# how high if you smoke it wet



## ricktxv (Jul 14, 2008)

if you have no weed and you smoke your green stuff does it still get you as high? say just harvested weed....like a day old...


----------



## wakebud77 (Jul 14, 2008)

it might depending on the strain(ive heard you can) but you woul dbe better off drying/curing for two weeks then just smoking. It allows for the cholorophyll to break down and give it a stronger better taste/ and also more cannabanoids(sp?) to devlop. It would be like drinking just made wine vs drinking long aged wine. I would say at least wait and dry it out in a dark place other wise you are getting more wasted bud.


----------



## Tater (Jul 14, 2008)

No the heads of the trichs need to dry out, iirc if the head of the trich dosen't dry out the thc molecule won't be activated or some such thing.  If you quick dry it in an oven and keep the heat under 175 you could smoke it with better results.  But slow curing is the best.  Water cures take as little as 7 days and greatly increase the quality of your smoke.


----------



## imager777 (Jul 18, 2008)

I smoke fresh wet bud all the time.  It still gets me high.  I'm not contradicting all the good advice you're getting here.  I'm just saying it'll still do the trick for you.  I've never compared wet to dry; so I can't say how much and if there even is a difference.  
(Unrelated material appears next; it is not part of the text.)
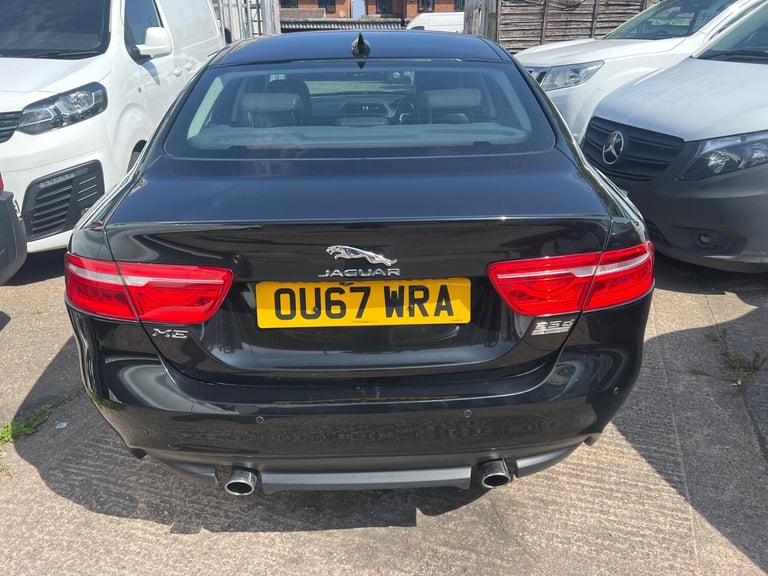 2017 Jaguar XE 2.0d Portfolio Auto AWD Euro 6 (s/s) 4dr SALOON Diesel Automatic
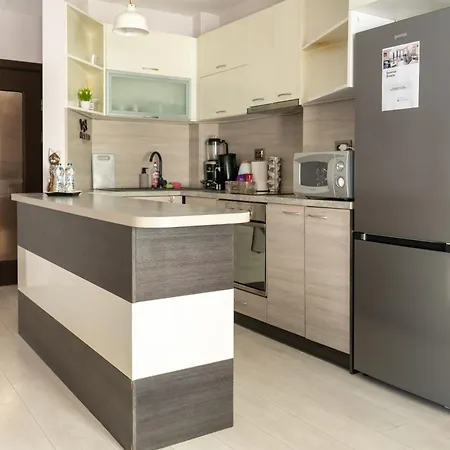 Summer Breeze Apartment *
I don't do much in the way of quick drying anymore.  At most, I may throw some of the bud in the microwave to help get the kindling started.  The rest of the bud goes on the bottom of a bowl.   After  a few bong hits, the bottom is usually dry enough to continue lighting normally.  I guess it's quick dry in a bong.  You have to hit it slowly at first, keeping the flame away so you don't just burn it up.  It's really not that big a deal.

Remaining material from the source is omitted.